Jon Huntsman insists he wasn’t ‘gearing up’ 2012 bid while still in China

Ahead of his expected 2012 run, Jon Huntsman is pushing back against claims that he used his final months as President Obama's ambassador to China to assemble his own White House bid.

'There was no gearing up for a campaign, whatsoever," Huntsman insisted in an interview with the St. Petersburg Times' Adam Smith after an appearance last night in Florida.

"I didn't even know these people," Huntsman said, gesturing to several campaign aides who accompanied him on the trip. "I did not know them until I got off the plane . . . . These are all new friends."
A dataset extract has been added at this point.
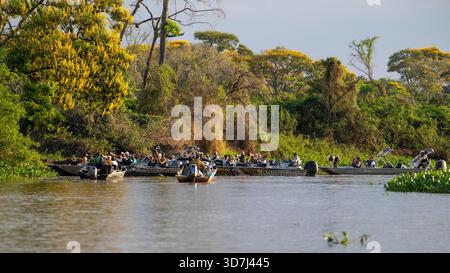 Molte barche da safari a Pantanal, Brasile Foto Stock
That's an unusual argument for the former Utah governor to make, since most of his newly assembled campaign staff used to work for John McCain, and Huntsman frequently traveled with the McCain operation over the course of the 2008 campaign after he came out with an early endorsement of the Arizona senator.
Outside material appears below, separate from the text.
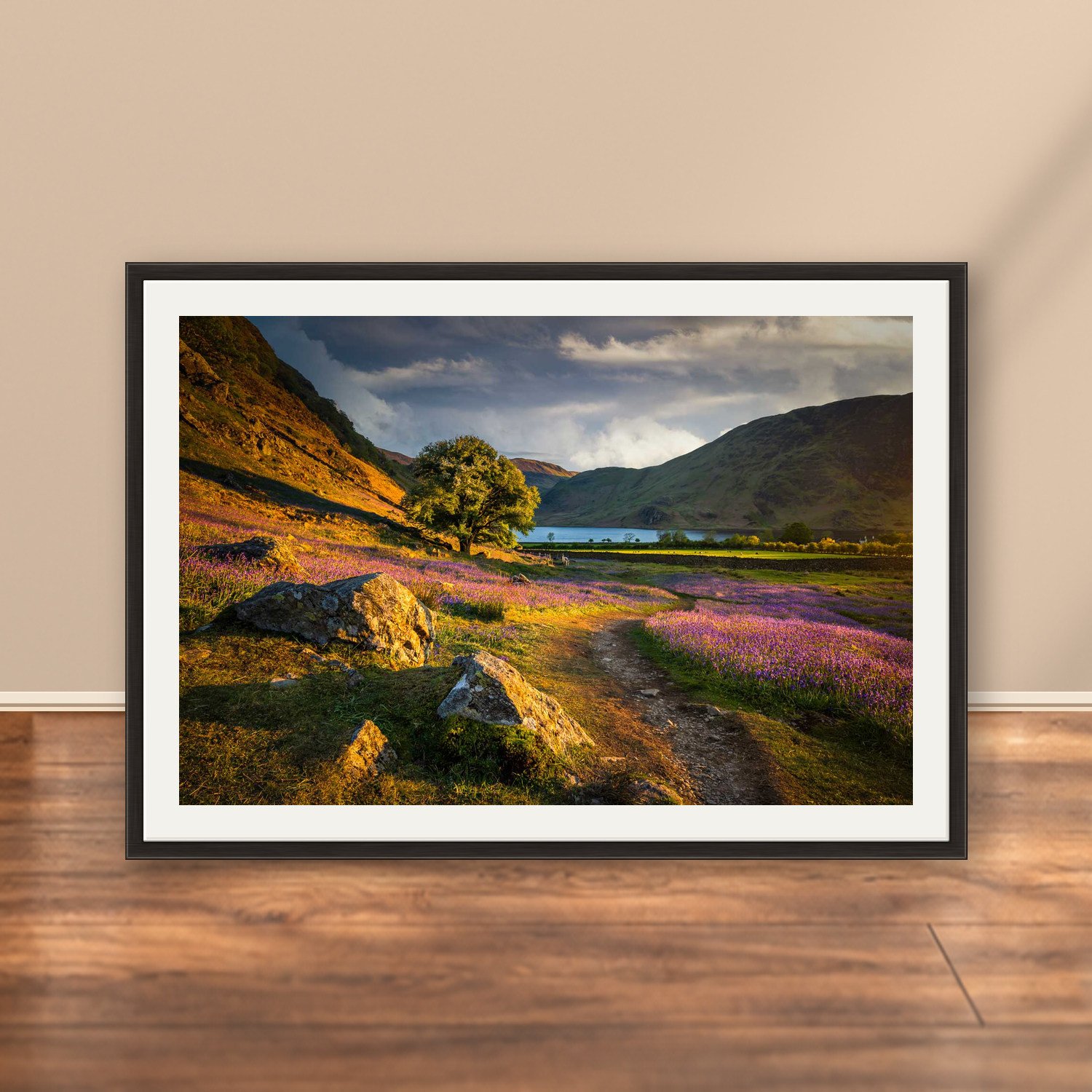 The Rannerdale Bluebells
Either way, there apparently was plenty of friction between Huntsman and the White House after the Republican hopeful went public with his presidential ambitions earlier this year.

An embassy official who worked closely with Huntsman in Beijing tells The Daily Beast's McKay Coppins that the Obama team began micromanaging Huntsman's schedule to make sure he wouldn't use his position to his own benefit—a move that did not please the then-ambassador.

Of course, there's a reason for the Obama team's wariness: top Democrats, who declined to be named, tell ABC's Jake Tapper they believe Huntsman would be the toughest Republican to beat in 2012. Still, with his moderate political profile, Huntsman probably wouldn't make it past the GOP primaries, Tapper's Democratic sources say.